═════ Data supplied

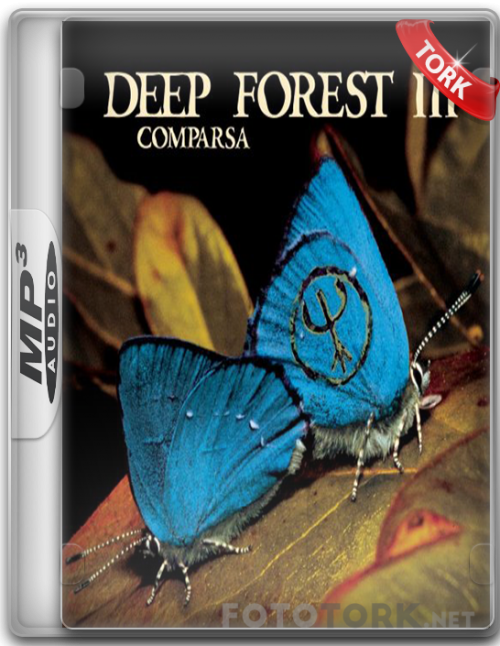 Mp33c7a1.png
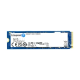 Kingston NV3 1TB M.2 PCIe Gen4.0 NVMe SSD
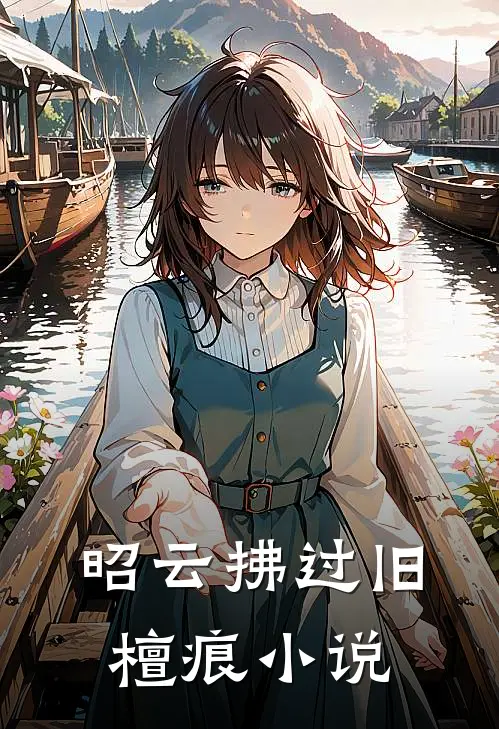 昭云拂过旧檀痕小说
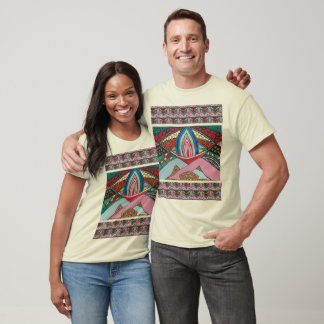CAMISETA ESTAR JUNTO APAIXONADO É UM GRANDE PRESENTE DE BAI
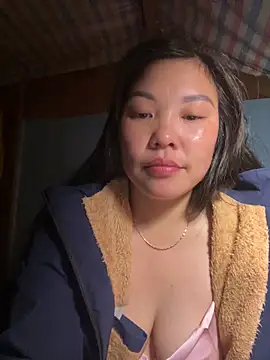 Snapshot of heodat-sexx chatting on March 10, 2026, 12:53 pm heodat-sexx online show from March 10, 2026, 12:53 pm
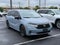 2023 Honda Odyssey Sport Auto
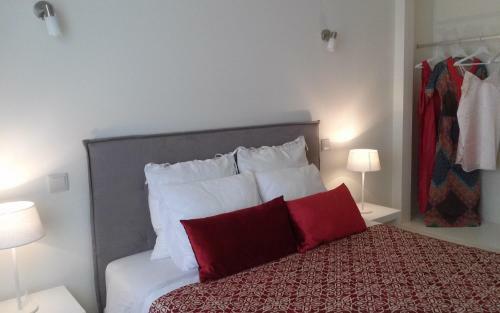 Hostal Casa Natura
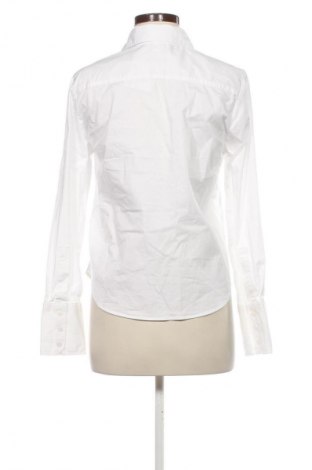 Damenbluse H&M, Größe S, Farbe Weiß, Preis € 11,99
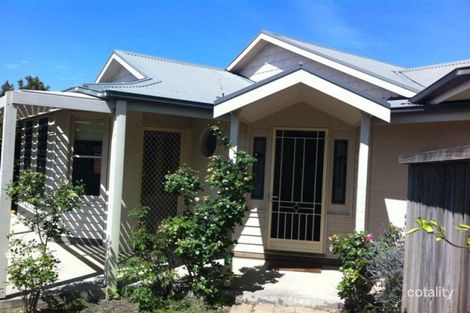 267 Roslyn Rd, Highton, VIC 3216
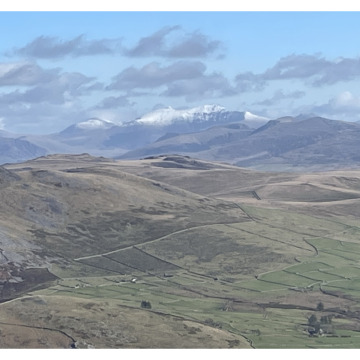 Notice Gallery for Richard Kevin JONES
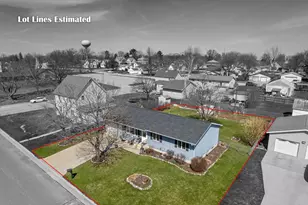 217 E Grant St, Caledonia, MN 55921 - Photo 3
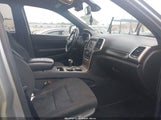 JEEP GRAND CHEROKEE LAREDO 1C4RJFAG4EC392229 снимка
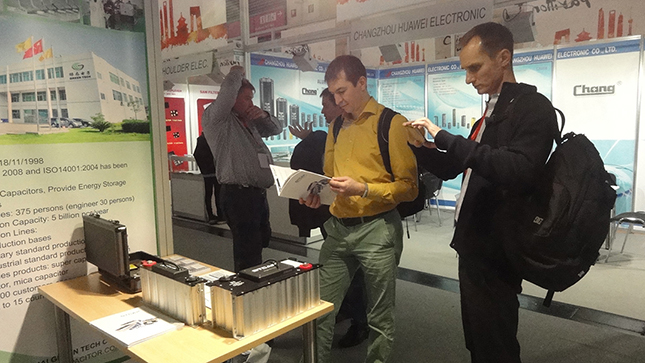 首页- 亿万先生MR集团官网登录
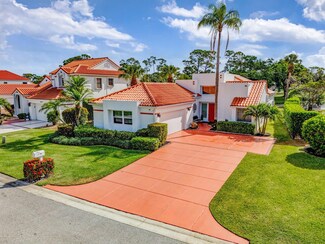 13162 Touchstone Place, West Palm Beach, FL 33418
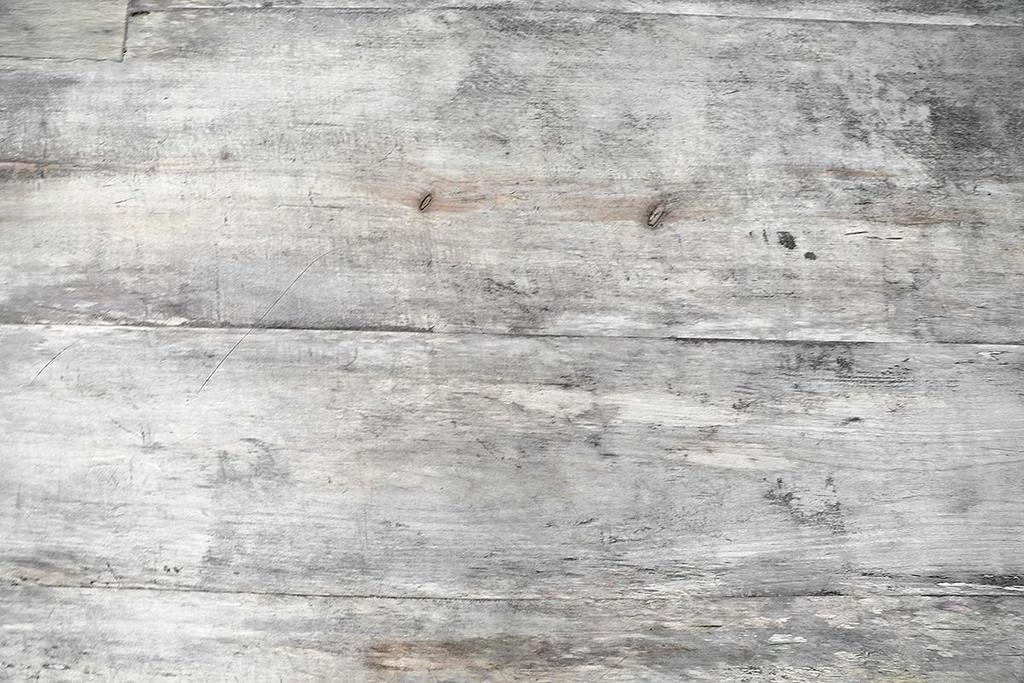 Organic Restoration Hammered Leg Coctail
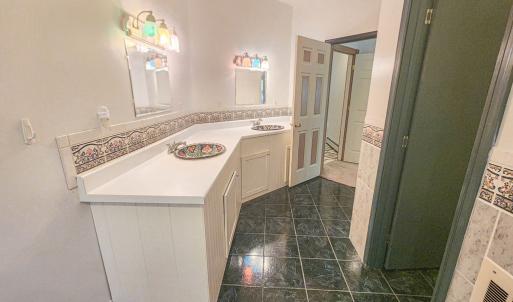 Photo #20 of 35204 BLUFF DR, BELLE HAVEN, VA 2.1 acres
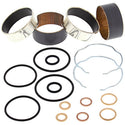 ALL BALLS 避震 FORK BUSHING KIT
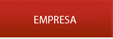 Empresa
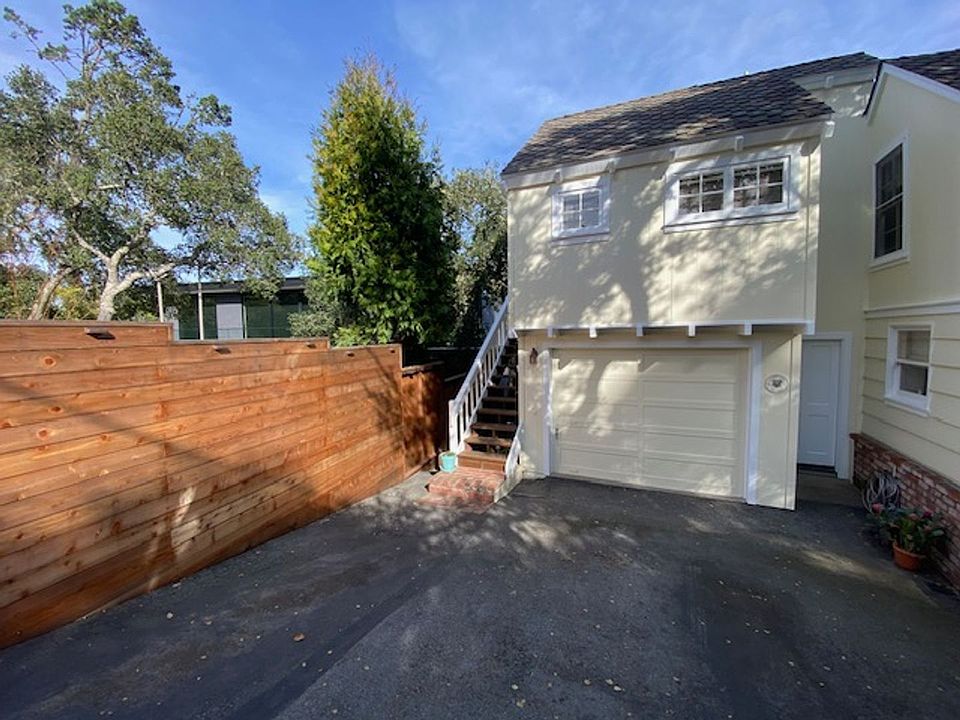 1st image of 24335 San Pedro Ln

══════════

Work task
After locating the line with "Organic Restoration Hammered Leg Coctail" in the listing above, transcribe it and every line after it to the last, exactly, with no pictures.

Result for this exercise
 Organic Restoration Hammered Leg Coctail
 Photo #20 of 35204 BLUFF DR, BELLE HAVEN, VA 2.1 acres
 ALL BALLS 避震 FORK BUSHING KIT
 Empresa
 1st image of 24335 San Pedro Ln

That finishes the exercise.